Thursday, May 17, 2007

"The Network is the Computer"


Unfortunately, some of us can remember John Gage, Sun Microsystems co-founder saying this in 1984 or so. Nearly a quarter of a century later, we still haven't fully gotten there. With the rise of peer to peer technologies, many will offer we won't need to go there. Oddly enough, and for all sorts of reasons, network-centric computing is starting to look a lot like the older client-server model many thought we were morphing beyond.

Users don't care about that, of course. What they care about is how their lives change for the better. And there now is no question but that this new age of "computing architecture" is changing things. We would argue it is for the better, though the outcome is open.

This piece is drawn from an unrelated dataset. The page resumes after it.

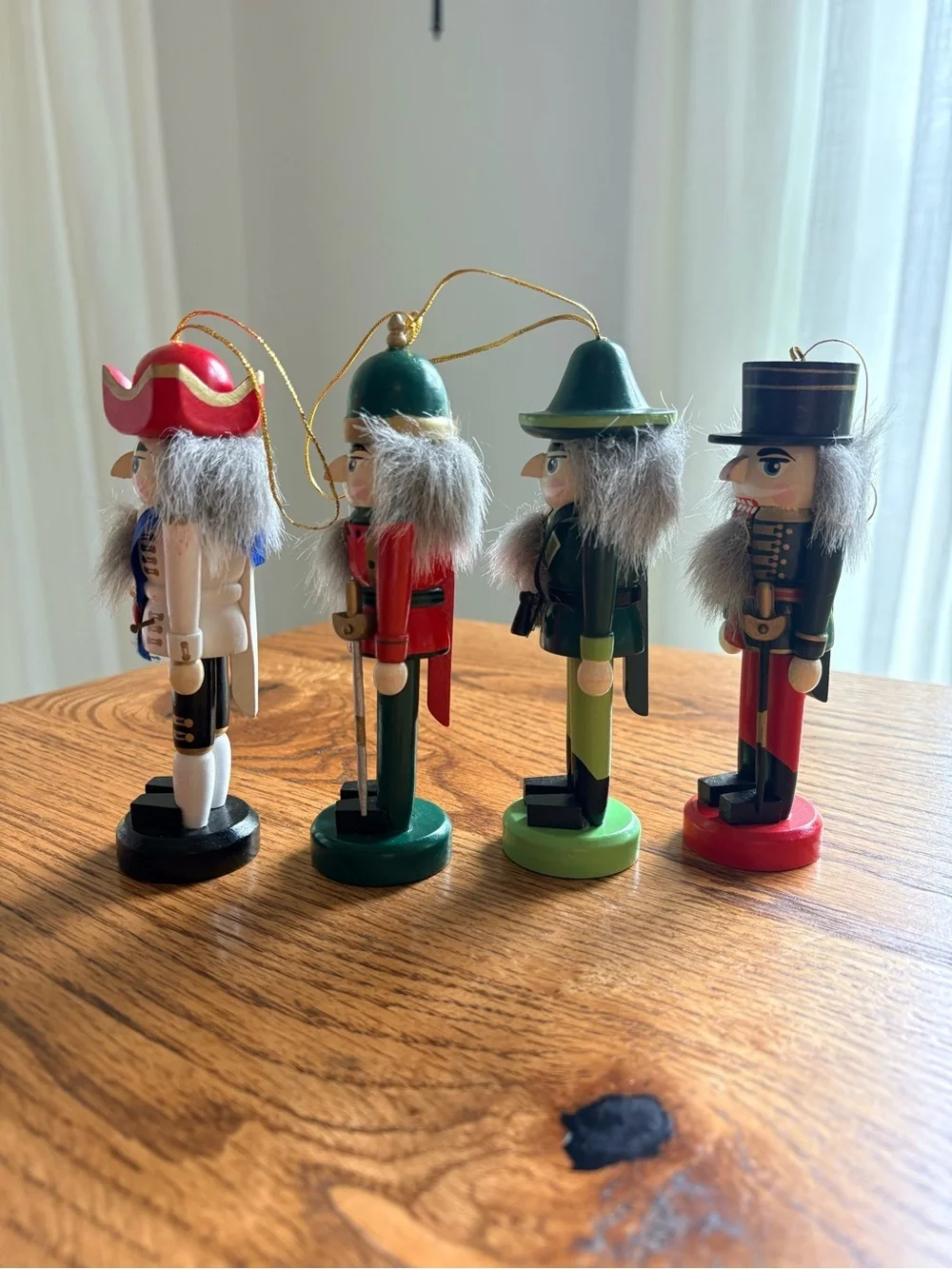 VTG Timeless Treasures Wooden Nutcracker Christmas Ornaments- set of 4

We used to talk about "the network as the computer." Today, we talk about Web 2.0, which uses the networked computing platform and adds social elements (Dion Hinchcliffe produced the graphic). In some ways, "the network as the computer" will change at least some of the methods we employ to discover and retrieve video, audio and other content.

In the enterprise space, it might simply mean the ability to access centralized databases with a Web browser as the front end. At least at first. Later, more collaborative modes will develop, where end users collectively create value and knowledge of usefulness for enterprises. The analogy is Amazon and eBay, where much of the value of the service is created by users.

Still, there are clear portents. There's salesforce.com, Google Docs & Spreadsheets and Amazon's Elastic Compute Cloud, all of which deliver computing resources and applications on a hosted basis.

What changes here is much more than the way we use computational resources. Networked computing changes what we can do with computational resources. And those new ways are going to serioiusly shake business models across media and communications.